But I loved it, and in some dimly precocious way I took note of two words from the "Fotonovel" (I would bet earnest money Harlan Ellison would have hated that fucking "f"): they were, can't you guess, "Harlan" and "Ellison."

A few years later, and I'm maybe a precocious, nerdy child who likes reading and fantasy and science fiction who has entered the double-digits.  And I catch wind of something called Twilight Zone Magazine, a sincere cross-branding effort to publish SF and fantasy in a glossy literary format, as opposed to the pulp format such things usually appeared in.  Coincidentally, the first issue that trailed across my path and is still in a box in a closet somewhere in my home had Captain Kirk hisself on the front cover, only in the role of the unfortunate Robert Wilson, fresh from the nuthouse and afraid of flying, which may or may not be why he sees a man standing on the wing of his airplane when he looks out the window.  One of the gimmicky-yet-cool tie-ins TZM had with its namesake televesion series besides having Rod Serling's widow in a ceremonial titled position on the masthead was that every issue included a teleplay from the original show.  (And jesusfuckingchrist: I look at this magazine cover and realize that the very first issue of TZ I owned introduced me to T.E.D. Klein, the magazine's editor at the time; John Sayles, who was interviewed for the issue to promote The Brother From Another Planet, and goddamned Richard Matheson, who wrote "Nightmare at 20,000 Feet," the teleplay featured on the cover and inside the issue.  Klein, Sayles, and Matheson between two glossy cover pages?!  You either have no idea what I'm talking about or your mind just blew up and left boogery bits of grey matter on the screen.  If you're in the first camp (sorry about your monitor and head if you're in the latter), we're talking about three pretty legendary genre writers, though Sayles snuck out into the mainstream when the cultural gatekeepers were distracted.  Klein has been woefully slow to publish and you'd be excused for not knowing his work, but Matheson is somebody whose work you know even if you don't know you know it.  Anyway, I'm having a moment, sitting here and realizing that this single issue of a nearly-forgotten magazine may be one of the most formative experiences of my entire lifetime.  Excuse me.  I need a second to catch my breath, doctor.)
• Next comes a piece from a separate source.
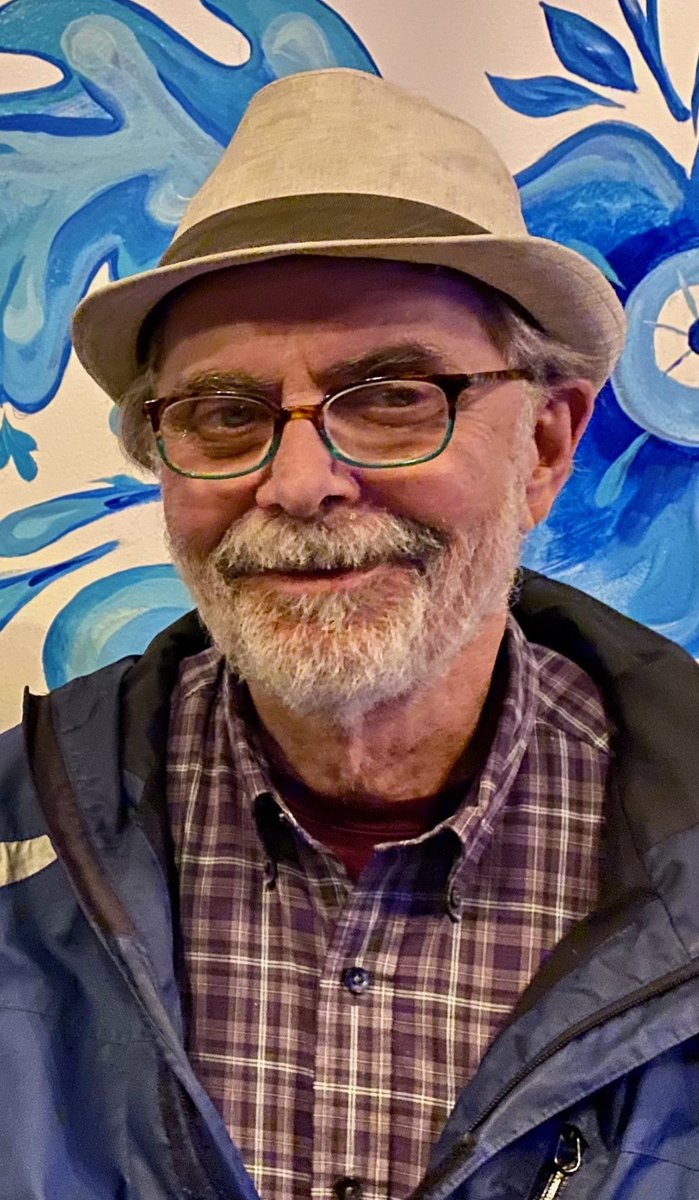 SeattlePD's tweet photo. MISSING: Leonard, 67 y/o, WM, 6’2”, 190lb, white hair, green eyes. Has Alzheimers. Last seen wearing a dark purple button-down shirt and blue jeans. Please call 911 if seen. https://t.co/LzK0fsT5aG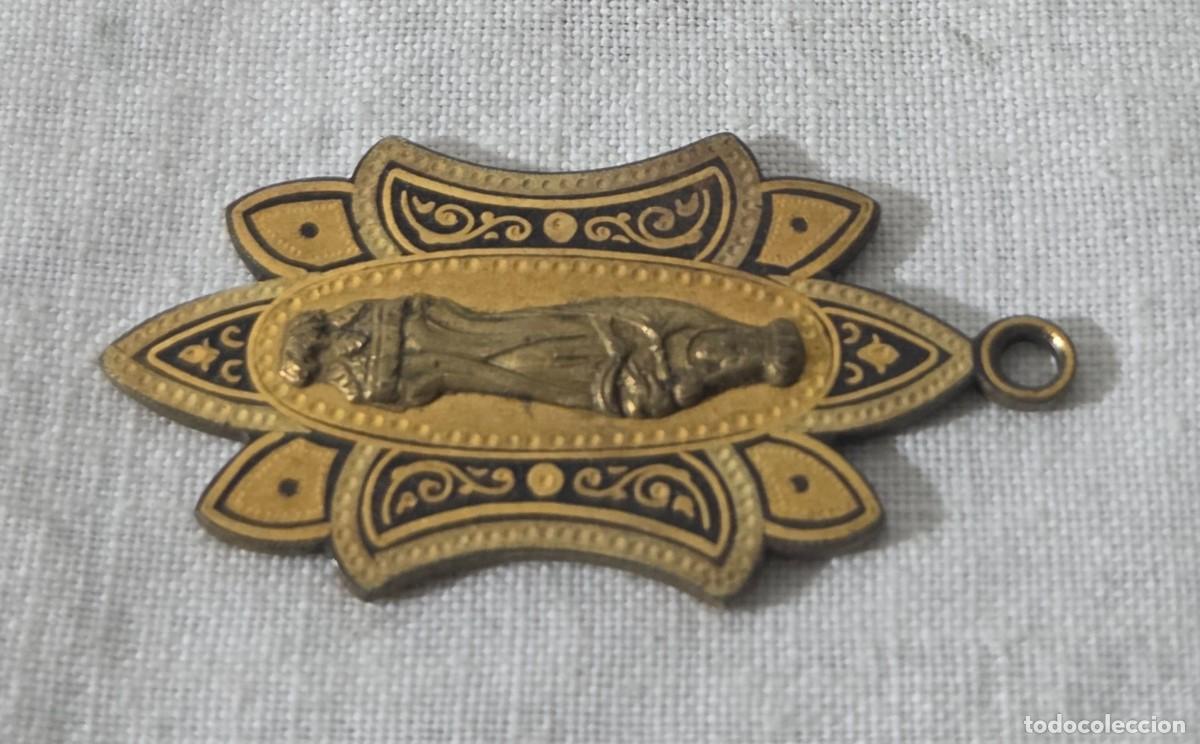 Antig&uuml;edades: Medalla damasquinada de la virgen - Foto 3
My first issue of Twilight Zone came off the rack, but of course I wound up with a subscription.  No idea now whether that first subscription was a gift or something I paid for with my allowance, but there's a point to all of this, and the point is that in 1985 the mailbox had an issue promoting CBS' first big revival of The Twilight Zone (the television show).  And one of the things the 1985 revival of Twilight Zone (on television--help, I'm slipping into The Twilight Zone, what with all these references and do you see what I just did and added another?) did right was they brought in... why, don't you know, they brought in the television-loathing Mr. Harlan Ellison to write 'em a couple of scripts and to consult, and so one of the things this issue of Twilight Zone (the magazine) had to promote the new show was a Harlan Ellison short story he was adapting for the revival, "Paladin of the Lost Hour."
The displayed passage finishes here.